1251 WATERFRONT PL, STE 201
PITTSBURGH, PA15222
EVP & Chief Financial Officer
Signatures
/s/ Jeremiah G. Garvey, Attorney-in-Fact for Jayme L. Brooks 01/04/2021
Signature of Reporting Person Date
Explanation of Responses:
( 1 )Each restricted stock unit ("RSU") represents a contingent right to receive one share of Limbach Holdings, Inc. common stock, exempt under Rule 16b-3.

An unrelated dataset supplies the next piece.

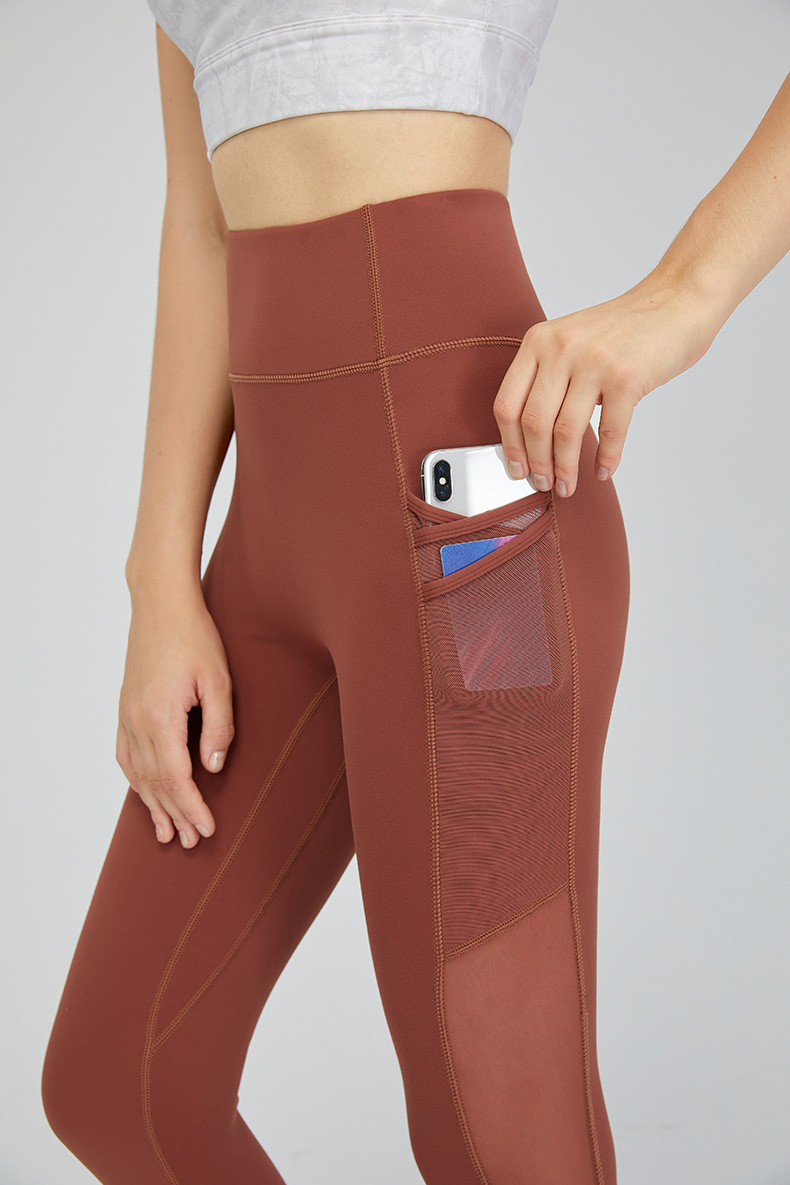 2022 European and American New Side Pocket Nude Feel Yoga Pants Women's High Waist Stretch Slim Fit Sports Ninth Pants Autumn and Winter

( 2 )As reported in the original filing of this Form 4 on October 1, 2019, this award of RSUs was granted on October 1, 2019. 42,215 shares of common stock subject to this award were subject to service-based vesting conditions and vested on October 1, 2020. 6,000 shares of common stock subject to this award are subject to service-based vesting conditions and vest in equal annual installments on each of December 31, 2020, 2021 and 2022, subject to continued service through such vesting date. The remaining 6,000 shares of common stock subject to this award shall vest upon the Company's achievement of certain performance milestones, subject to Participant's continuous service with the Company or a subsidiary or affiliate of the Company, as applicable, as an employee through the certification by the Compensation Committee of the achievement of such performance milestones, if applicable.

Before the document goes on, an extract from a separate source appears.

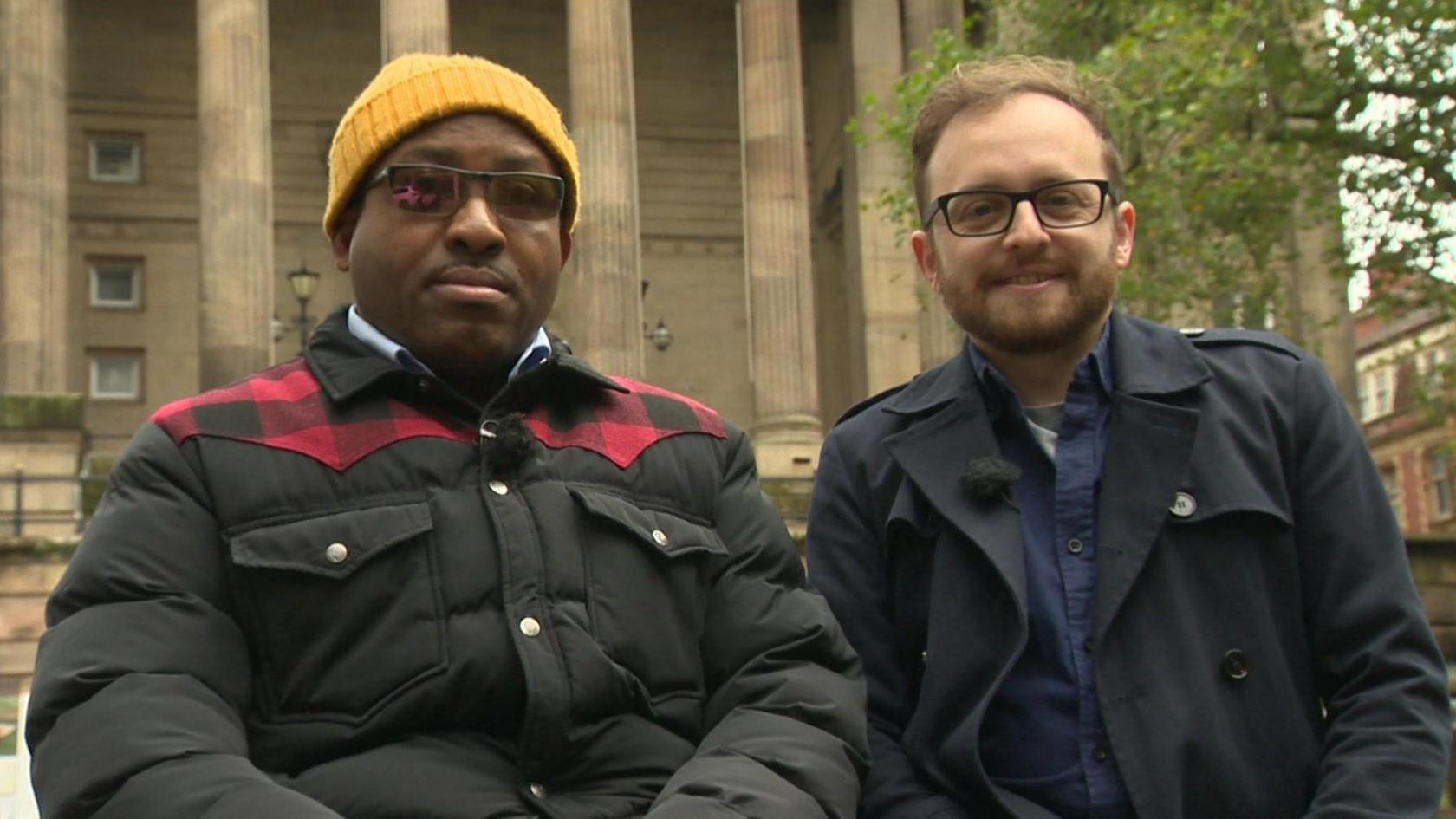 Two men, wearing winter coats, sitting on bench in a square in Preston city centre.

( 3 )This award of RSUs was granted on 01/01/2020. The award is subject to service-based vesting conditions and vests in equal annual installments on each of January 1, 2021, January 1, 2022 and January 1, 2023, subject to continued employment through the applicable vesting date. The amounts reported above (related to this grant) do not include performance-based RSUs, if any, that may be earned by the reporting person but for which the Compensation Committee has not yet determined the achievement of the applicable performance goals. Any such RSUs will be reported on a Form 4 within two business days of the date of such determination.

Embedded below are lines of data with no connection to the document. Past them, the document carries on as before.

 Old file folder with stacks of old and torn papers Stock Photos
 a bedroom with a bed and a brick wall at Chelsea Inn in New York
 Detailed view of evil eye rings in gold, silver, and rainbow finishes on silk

( 4 )This award of RSUs was granted on 1/1/2021. The award is subject to service-based vesting conditions and vests in equal annual installments on each of January 1, 2022, January 1, 2023 and January 1, 2024, subject to continued employment through the applicable vesting date. The amounts reported above (related to this grant) do not include performance-based RSUs, if any, that may be earned by the reporting person but for which the Compensation Committee has not yet determined the achievement of the applicable performance goals. Any such RSU's will be reported on a Form 4 within two business days of the date of such determination.